Farewell, thou art too dear for my possessing,
​And like enough thou knowst thy estimate;
Goodbye, you are too precious, indeed too costly, for me to possess you, and very likely you know your own worth...

'Farewell' is of course in its implications much stronger than a mere 'goodbye': it suggests a conclusive departure forever or for a very long time. Today it is – not least perhaps because of its finality – no longer much in use, and even in Shakespeare's day it is not what you say to someone when you expect to see them the following week, it is what you say to someone who is leaving for good, at least for the foreseeable future.

And 'dear' is suitably complex and layered for such a highly charged moment. It means 'loved' and 'appreciated', as in 'my dear friend', but here in tandem with 'possessing' it immediately establishes the strong transactional, financial, and legal connotations that run through the entire sonnet, which in turn are obviously at the same time also metaphorical. 'Too dear' thus becomes 'too expensive' in the sense also of too emotionally unaffordable, and therefore both priced and prized too highly for me to be able to maintain and entertain you as my friend and lover any longer.
The charter of thy worth gives thee releasing,
​My bonds in thee are all determinate.

The document that confirms your legal entitlements and ownership of land and other property is formulated in such terms that it releases you from any commitment or obligation to me: any kind of contract or agreement between us that would give me any right or title in you is terminated and therefore null and void.

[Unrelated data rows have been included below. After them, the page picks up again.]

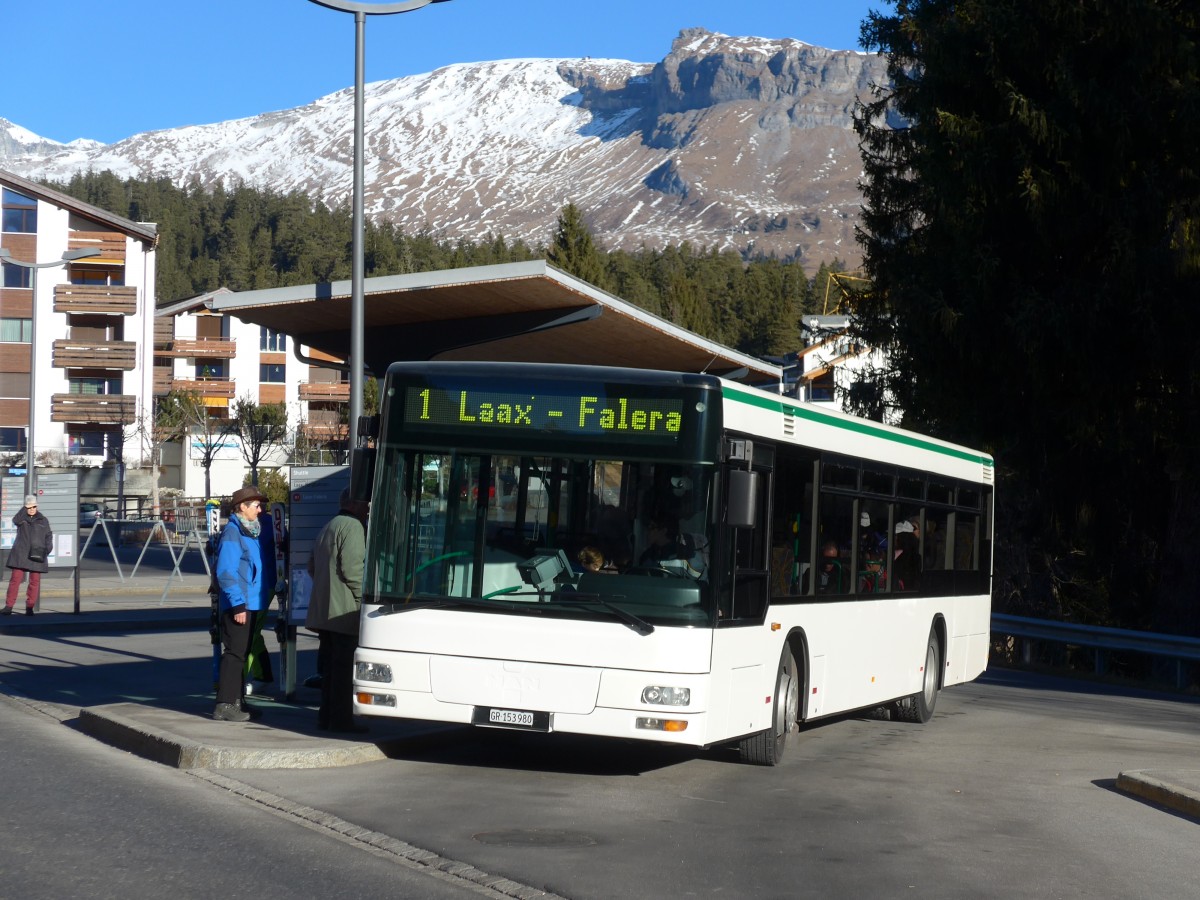 (167'956) - Stuppan, Flims - GR 153'980 - MAN (ex TN Neuch�tel Nr. 226) am 26. Dezember 2015 in Laax, Bergbahnen
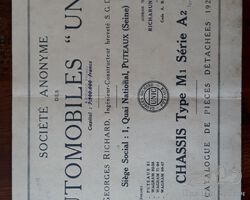 UNIC Spare Parts List, Type M1 Serie A2, 1922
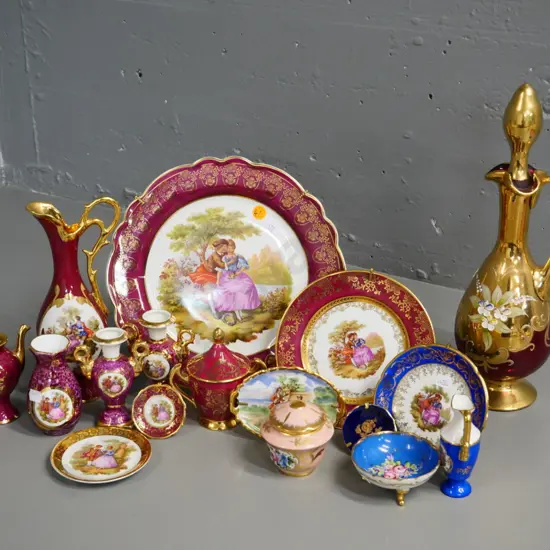 large collection of Limoges items - large plate is D-260 - and a red Venetian glass stoppered decanter H-330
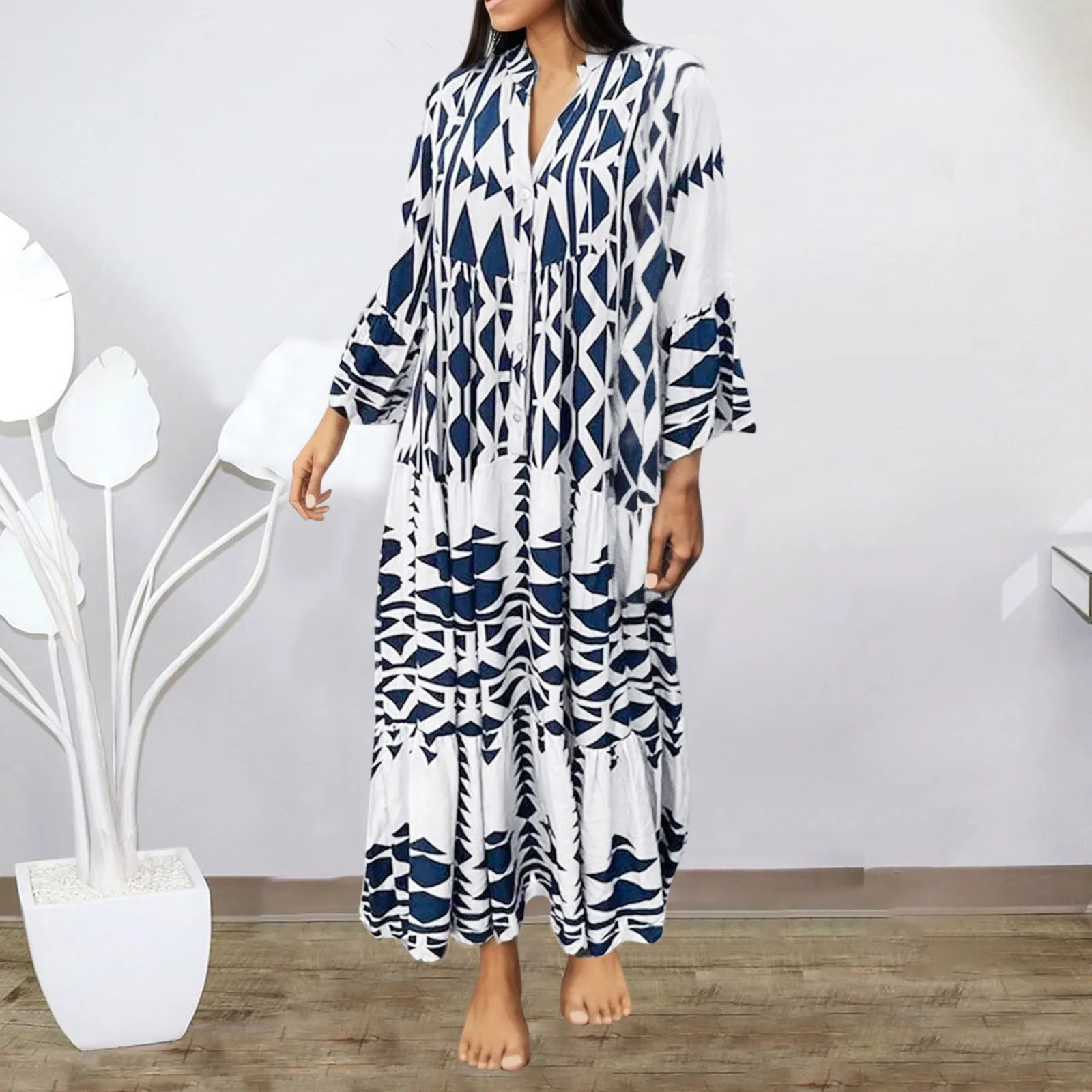

Elegant Summer Maxi Dress Women 2023 Casual Streetwear Vintage Geometric V Neck Boho Beach Long Loose Dresses Female Vestidos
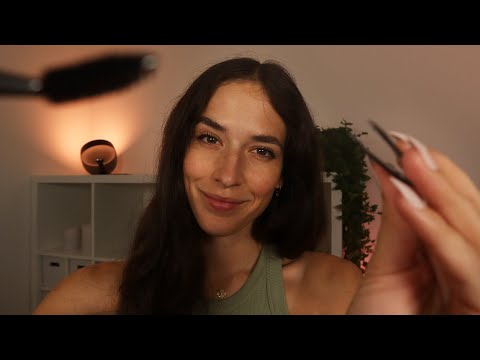 ASMR Doing Your Eyebrows (plucking & tinting)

A 'charter' in this context specifically can be a royally sanctioned certification, as in a 'royal charter', that lends the young lover his status and his privileges, and the choice of this word here strongly points – as we have long sensed – towards this young man being highly and well connected, it supports the contention that he is a young nobleman.
For how do I hold thee but by thy granting,
​And for that riches, where is my deserving?

Because how do I have you and how am I able to hold on to you and keep you other than with your own permission and by your own gift, and yet how do I deserve such great riches?

There is a basic truth contained in the first of these two lines which is simply that in what we today would call a consensual relationship, nobody can 'have' or 'hold' the other person if they don't want to be in that relationship, but the second line then re-emphasises the stark contrast in status, where Shakespeare questions – possibly, when looked at objectively, with some reason – how he could even expect to be the recipient of such munificence as the young man through his wealth and status represents.
The cause of this fair gift in me is wanting:
And so my patent back again is swerving. 
I lack any grounds or reasons for you to bestow such a great gift as yourself on me, and because of this, the 'patent' which entitled me to 'own' you now returns to you, the person who gave it to me in the first place.
Thy self thou gavest, thy own worth then not knowing,
Or me, to whom thou gavest it, else mistaking,
You gave yourself to me being unaware of your own worth at the time, or else overestimating my worth when you did so...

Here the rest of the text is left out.